◆ Exercise directions
In the material below, pictures must be dropped. Repeat exactly, and only, the lines from the line with "bar 2/2路自動(dòng)接頭型截止閥PKN系列" to the line with "Massa Para Modelar", both ends included.

◆ Exercise materials
***

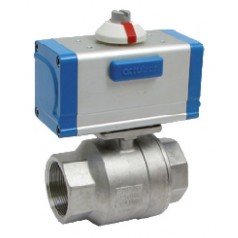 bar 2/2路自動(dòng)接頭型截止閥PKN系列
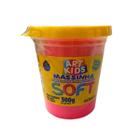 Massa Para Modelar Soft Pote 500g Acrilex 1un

***

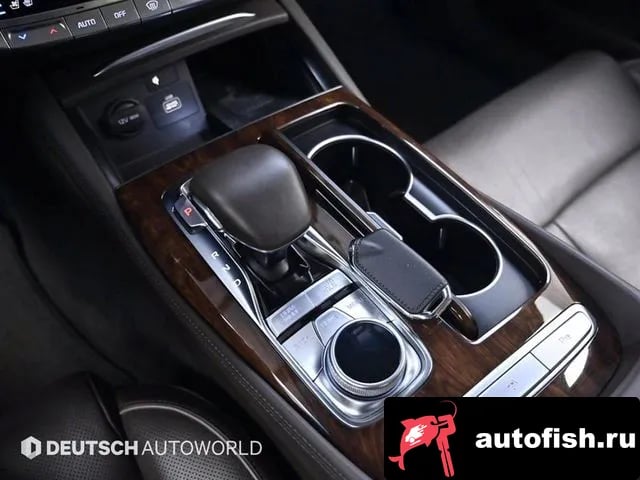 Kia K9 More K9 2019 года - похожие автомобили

***

◆ Response to the exercise
 bar 2/2路自動(dòng)接頭型截止閥PKN系列
 Massa Para Modelar Soft Pote 500g Acrilex 1un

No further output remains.